La Lettera su Baron, edita nel 1736, risale verosimilmente al 1720, quando Baron ultrasessantenne tornò a calcare le assi del palcoscenico della Comédie-Française; al 1720 riconduce anche il riferimento, interno alla missiva, ai quattro anni trascorsi dall’insediamento degli Italiens a Parigi (cfr. infra: «Monsieur Baron mi ha detto la prima volta e la sola che ho avuta seco conversazione ch’egli aveva presa quella maniera di declamare senza scostarsi dalla natura dopo che aveva sentita la truppa italiana, che già sono quattr’anni è ritornata in Parigi»). E tuttavia la datazione non può non sollevare qualche perplessità solo a considerare tanto il ritardo di sedici anni rispetto alla data di composizione, quanto il tempo trascorso dalla scomparsa del dichiarato bersaglio polemico, Michel Baron, morto il 22 dicembre del 1729. L’uno e l’altro elemento lasciano affi orare il dubbio che in gioco, più che l’effettiva ‘maniera’ di Baron, ci sia una ben più concreta aspirazione: la rivendicazione della troupe italiana al diritto di misurarsi con la drammaturgia tragica, cui lo stesso Luigi Riccoboni guardava come ad un traguardo professionale.

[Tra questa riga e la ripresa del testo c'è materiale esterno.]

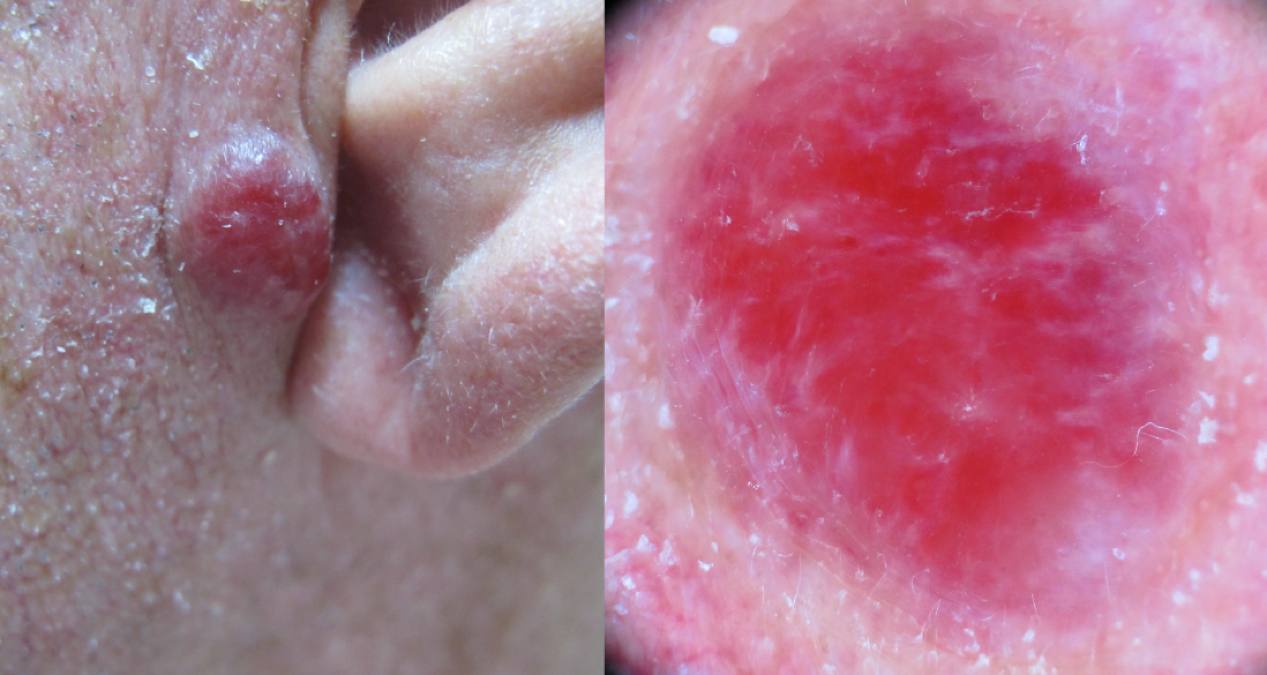 06Primär MCC vid örat.jpg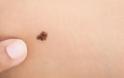 Ελιές στο δέρμα: Αυτά είναι τα 5 σημάδια που δείχνουν κίνδυνο για καρκίνο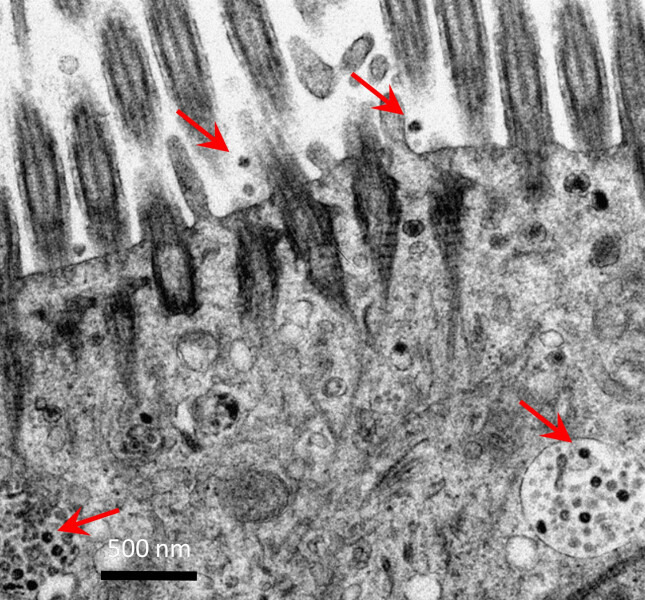 오미크론에 감염된 기관지 조직의 전자현미경 사진. 화살표가 가리키는 것이 바이러스 입자다. 홍콩대 의대 제공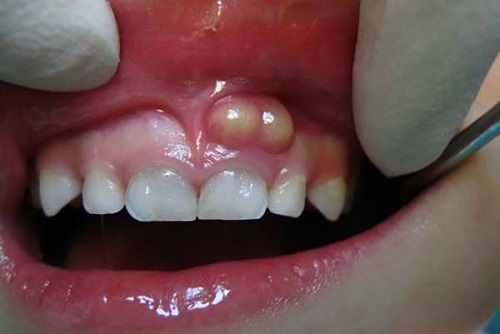 Viêm chân răng có mủ điều trị ra sao giúp giảm đau? 1 Viêm chân răng có mủ điều trị ra sao giúp giảm đau? 1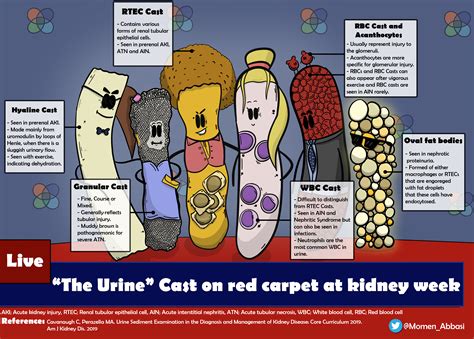 Kidney Comics The Urine Casts Renal Fellow Network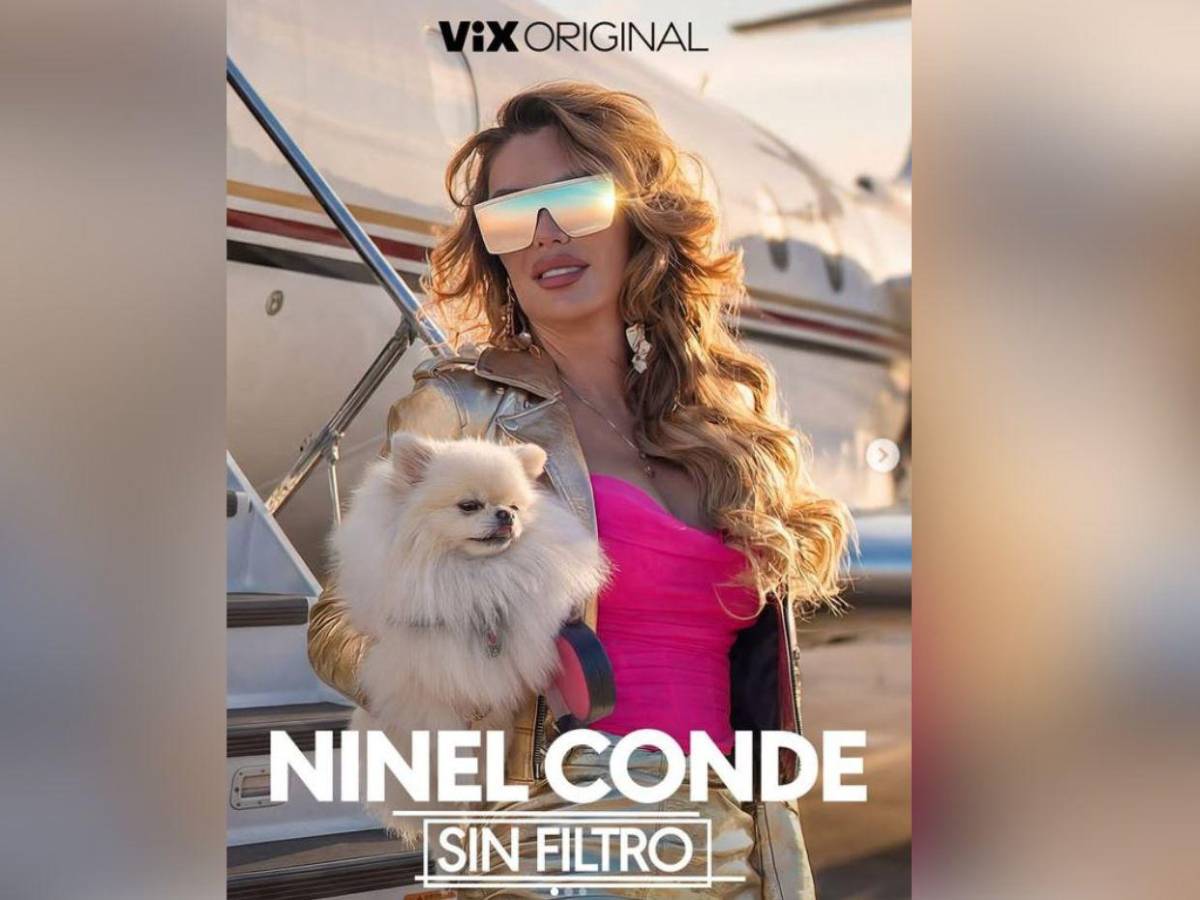 Sin filtro: Así habla Ninel Conde sobre la polémica de las cirugías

Ed è forse questa sinergia tra i coniugi Riccoboni l’aspetto che più risalta dalla Lettera, che rispetto ai capitoli Dell’arte rappresentativa, come anche all’Histoire du théâtre italien e alle tarde Pensées sur la declamation di Lelio, integra e supplisce ai silenzi della trattazione storica o genericamente attoriale. La Lettera infatti, nell’analizzare minutamente la recitazione tragica di Baron per come era emersa dalla rentrée del 1720, consente un confronto ravvicinato più che tra la reale arte performativa francese ed italiana, tra i rispettivi principi estetici cui si ispiravano le due compagnie; da un lato la stilizzazione declamatoria, artistica, dei Francesi; dall’altro la naturalezza classicistica degli Italiani. Nel rigettare l’omaggio di Baron ai comici italiani, dai quali il Francese aveva dichiarato di aver appreso la sua ‘declamazione naturale’, Balletti delinea lo stile tragico italiano, improntato a una compostezza classica sul piano della prossemica, a una dizione oratoricamente sostenuta su quello vocale, a una preparazione storico-estetica dal punto di vista dell’interpretazione complessiva. Il tutto calato in un discorso drammaturgicamente attento a distinguere i generi (tragedia classica, tragedia moderna ma d’ambientazione classica, tragedia moderna di ambientazione moderna, tragicommedia, tragedia passionale, commedia), i ruoli degli attori (protagonista e comprimario) e la dinamica testuale.